Avec ça, si même Papy Karl ne se sent pas concerné il y a un problème.
Le souci, c’est que parler de lutte des classes au sujet du « Meilleur des mondes » de Huxley je veux bien, mais à propos d’Elysium ça revient à dire que le SDF qui a un carton comme toit dispose d’autant que l’ami Bill Gates. Vous me suivez ? Pour faire court : ça n’a pas de sens.
Ici la lutte des classes s’arrête à une chose : les hispaniques et autres types de basanés crèvent de faim sur notre très chère Terre tandis que les Blancs snobinards (Français s’il vous plait) se rincent le gosier et coulent des jours heureux sur Elysium, une station orbitale de luxe. Ça fait un peu léger pour causer de lutte des classes, surtout lorsqu’un seul des protagonistes concernés se bouge vraiment le tronc.
On tient ici le premier cliché d’un film qui en recèle un nombre conséquent. Outre les « hey amigo vient on va voler des voitures » et le pincement de nez de Jodie Foster à la vue des prolos, les deux heures de long-métrage sont employés à voyager de raccourcis en raccourcis. Que voulez-vous, la facilité ça attire.
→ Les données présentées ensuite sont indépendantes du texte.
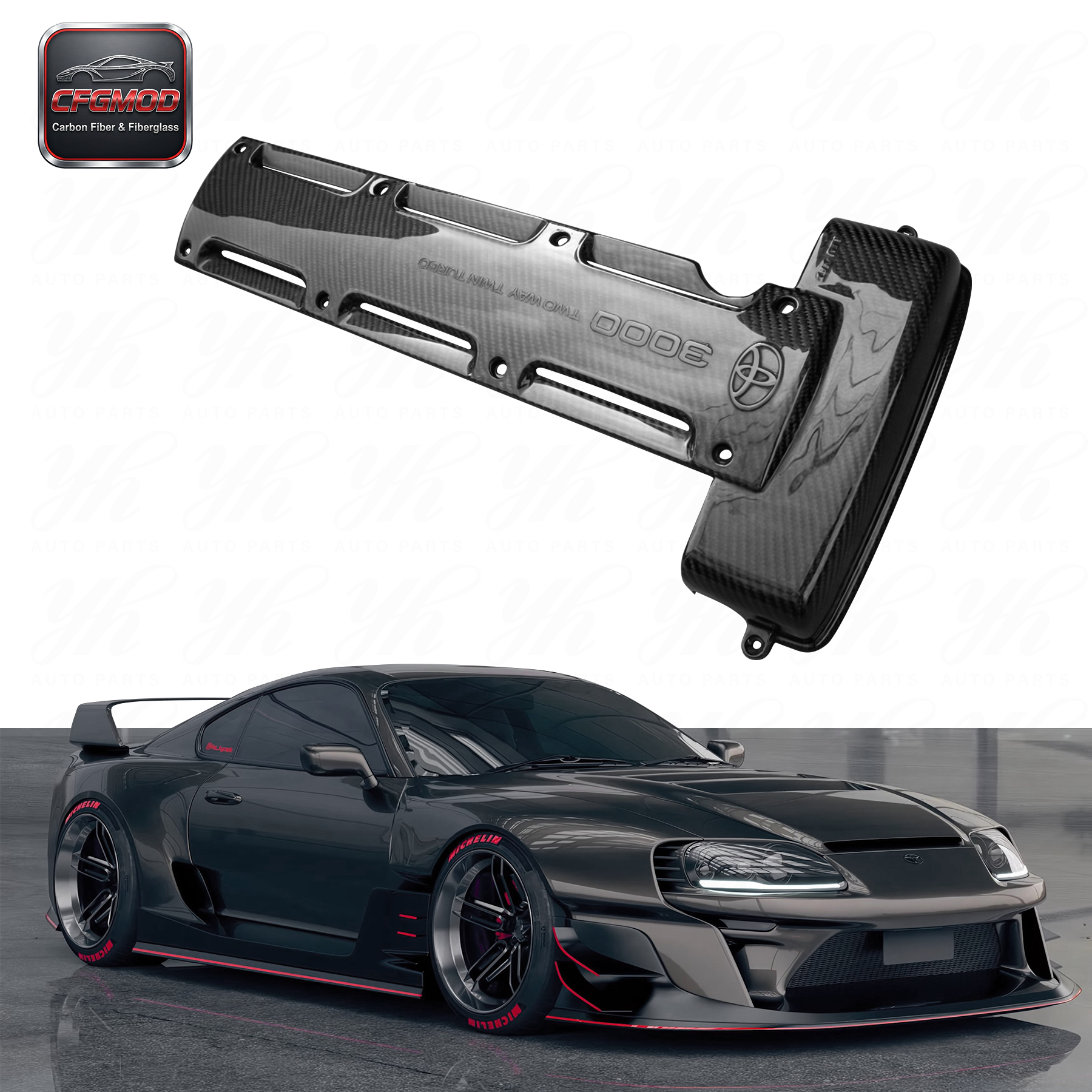 Glossy Carbon Fiber Engine Ignition Plug Valve Cover Trim for Toyota Supra MK4 1993-1998 2JZ NON-VVTI Twin Tu — 1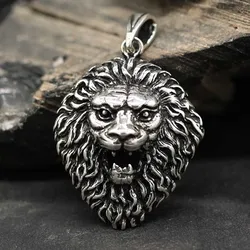 Drachensilber Löwe Kopf Schmuck Anhänger Sternzeichen Silber 925 - Silber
Pêle-mêle on pourra dire que le meilleur ami à qui on avait pourtant promis que « hey amigo on ne va pas crever ici, ça non » et bien il finit par mourir, que le héros il est badass mais juste ce qu’il faut tu vois, il se fait quand même bien démonter le portrait et ce à plusieurs reprises.
Sans doute pour renforcer le côté « en bas on en a gros », le pourri du coin à établit son camps et fait passer de manière clandestine des Terriens afin qu’ils aillent se faire exploser le bulbe dans les étoiles. Pourri qui s’avérera finalement être… franchement sympa, puisqu’il aide Damon tout du long alors qu’il est censé lui en vouloir. Quand je vous dis facile.
Histoire de continuer de creuser sa tombe, Elysium emploie la bonne grosse corde de marin de la promesse faite quand les protagonistes étaient jeunes, nous offrant au passage des plans gentiment coulant de niaiserie de deux enfants courant dans les rues des bidonvilles.
A ce moment-là, tu réalises que la mention « d’après une idée originale de » a franchement rien à foutre dans le générique de fin.
« Allez viens, moi je suis le gentil, lui il fera le vilain et toi t’es la méchante présidente ! »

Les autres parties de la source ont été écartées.